Public utilities have compulsory purchase powers and can insist on acquiring rights they require, but usually prefer to proceed by negotiation and agreement.
On occasion the deed of easement may contain a clause to ensure that if a development opportunity emerges in future, the Grantor or his successors will be entitled to compensation for any reduction in value due to the existence of the pipes or wires.
There may be advantages to both parties in this:
– the Grantor won’t have to accept a speculative assessment as to the reduction in the value of his land at some unknown point in the future for a use which can only be guessed at and could easily be underestimated; and,
– at the time of the easement being granted, the Utility would not be required to make a payment to compensate for a loss which may never happen.
In the Upper Tribunal (Lands Chamber) case of G Park Skelmersdale Ltd v Electricity North West Ltd  G Park Skelmersdale Limited (“the claimant”) sought compensation from Electricity North West Limited (“the respondent”), under a deed of grant (“Deed”) dated 12 May 1967 made between the Central Electricity Generating Board (“CEGB”) and Mr William Holland, (“the Grantor”) who owned Spa Farm, Lathom, Skelmersdale, Lancashire (“the Property”) prior to the claimant.
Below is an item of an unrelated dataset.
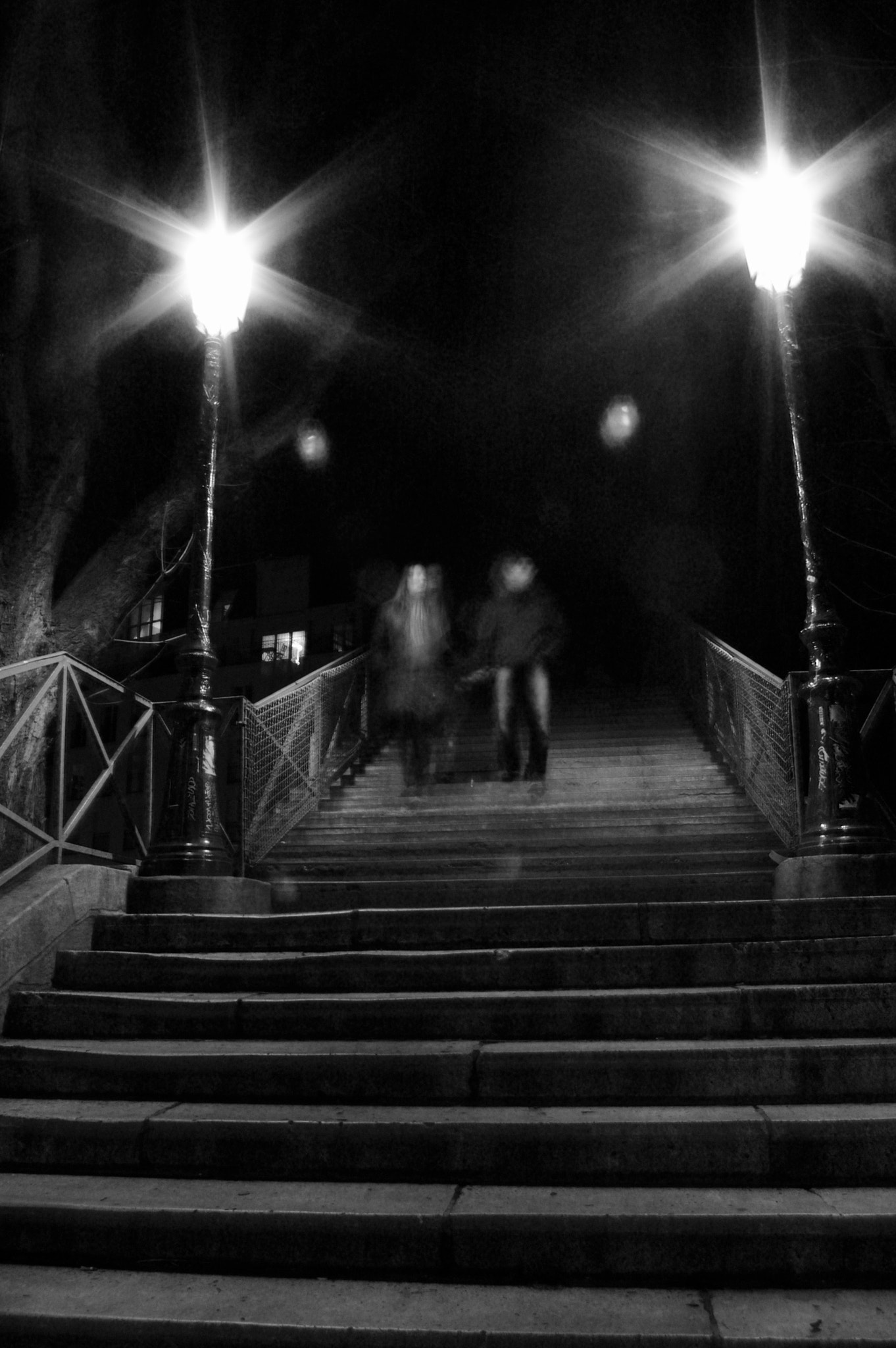 Pentax K110D sample photo. Les ombres du canal st martin paris photography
This said that if the Grantor obtained planning permission for the Property “for residential or industrial purposes” the Grantor could give CEGB 6 months’ notice to pay the Grantor compensation for any diminution in the value of the areas benefited by the planning permission due to the presence of the electric lines above the Property.
The writer was brought up in Lathom within sight of the pylons and remembers their first appearance on the skyline. Indeed the House depicted above is nearby Lathom House, designed by Giocomo Leoni in 1714 for East India Company Director Sir Thomas Bootle, and mainly demolished in 1925.
On 26 March 2008 the claimant gave the respondent notice of planning permission for warehousing and distribution and claimed compensation under clause 3(1) of the Easement.
The parties agreed to postpone the 6 month deadline to pay to allow for consideration of the feasibility of diverting the overhead line to allow the development to proceed but that did not happen.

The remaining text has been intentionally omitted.